With the other doctors at Forest Park Internal Medicine and Pediatrics, Robinson is able to help patients in a variety for ways. The practice offers an Academic Success Program for students with ADHD—”Parents and children come in and they have a psychologist who talks about how to organize backpacks and they try methods to help children with ADHD,” says Robinson—as well as a diabetes education program that helps patients take control of their disease through proper nutrition.
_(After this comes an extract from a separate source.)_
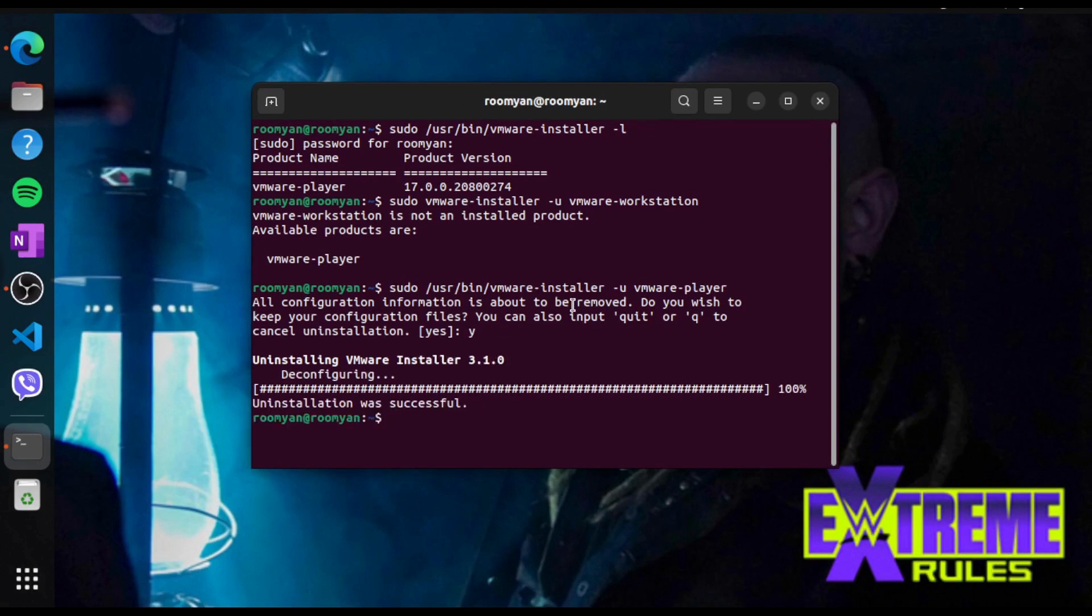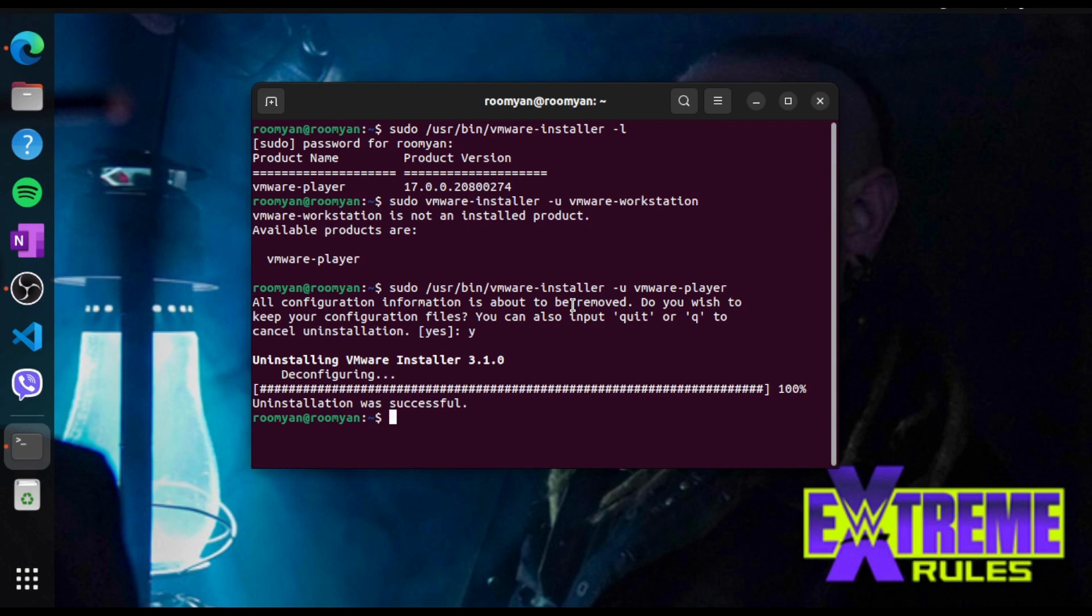All right, so uninstallation is successful. This is how you uninstall VMware products, VMware Player and VMware Workstation from Ubuntu.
A program close to Robinson’s heart is the practice’s Breast Birthday Ever event. During the event, a mammography van parks in the practice parking lot. Those who stop by for a free mammogram also get to enjoy a marching band, cake and plenty of activities. This year, “it rained all day but we got 85 mammograms and I just danced in the rain,” says Robinson.

The event is just one of the many ways she works to connect with patients of any age.

- Corinne Minard

Dr. Manish S. Bhandari
Medical Oncologist
The Christ Hospital Outpatient Center - Montgomery

Dr. Manish Bhandari, a medical oncologist with The Christ Hospital Network, says that people seeking cancer treatment often come to him with certain misconceptions in mind.

“People come with the fear of the side effects of treatment. ‘I’m going to get chemotherapy, lose my hair, be nauseous, lose weight, get sick, get infections,” he says. “People clearly do come with perceptions of how maybe cancer treatments are betrayed in the movies or TV shows where people get sick or how even two, three decades ago how their parent may have had cancer treatment.”

However, much has changed. Bhandari says that not all cancers are fatal and that some forms aren’t even treated immediately.

And treatments have also changed. While surgery, radiation and chemotherapy are still treatments, they are used with much more precision and often have fewer side effects. There are also newer treatments, like targeted therapy, which uses chemotherapy drugs to specifically target genetic abnormalities like cancer, and immune therapy, which awakens the immune system to help fight the cancer.

Just as important to Bhandari, though, is helping people understand what is happening to them and giving them hope and comfort.

“How do you take all that information, see what’s meaningful [and] what can make their life better, give them hope, give them help, give their family piece of mind? Oftentimes we’re not able to cure people, we may not even be able to change the biology of the disease and make people live longer but how do we take their pain away, how do we give them hope, how do we give them dignity?” he says. “That’s just as critical as giving the right treatment or giving the right drug.”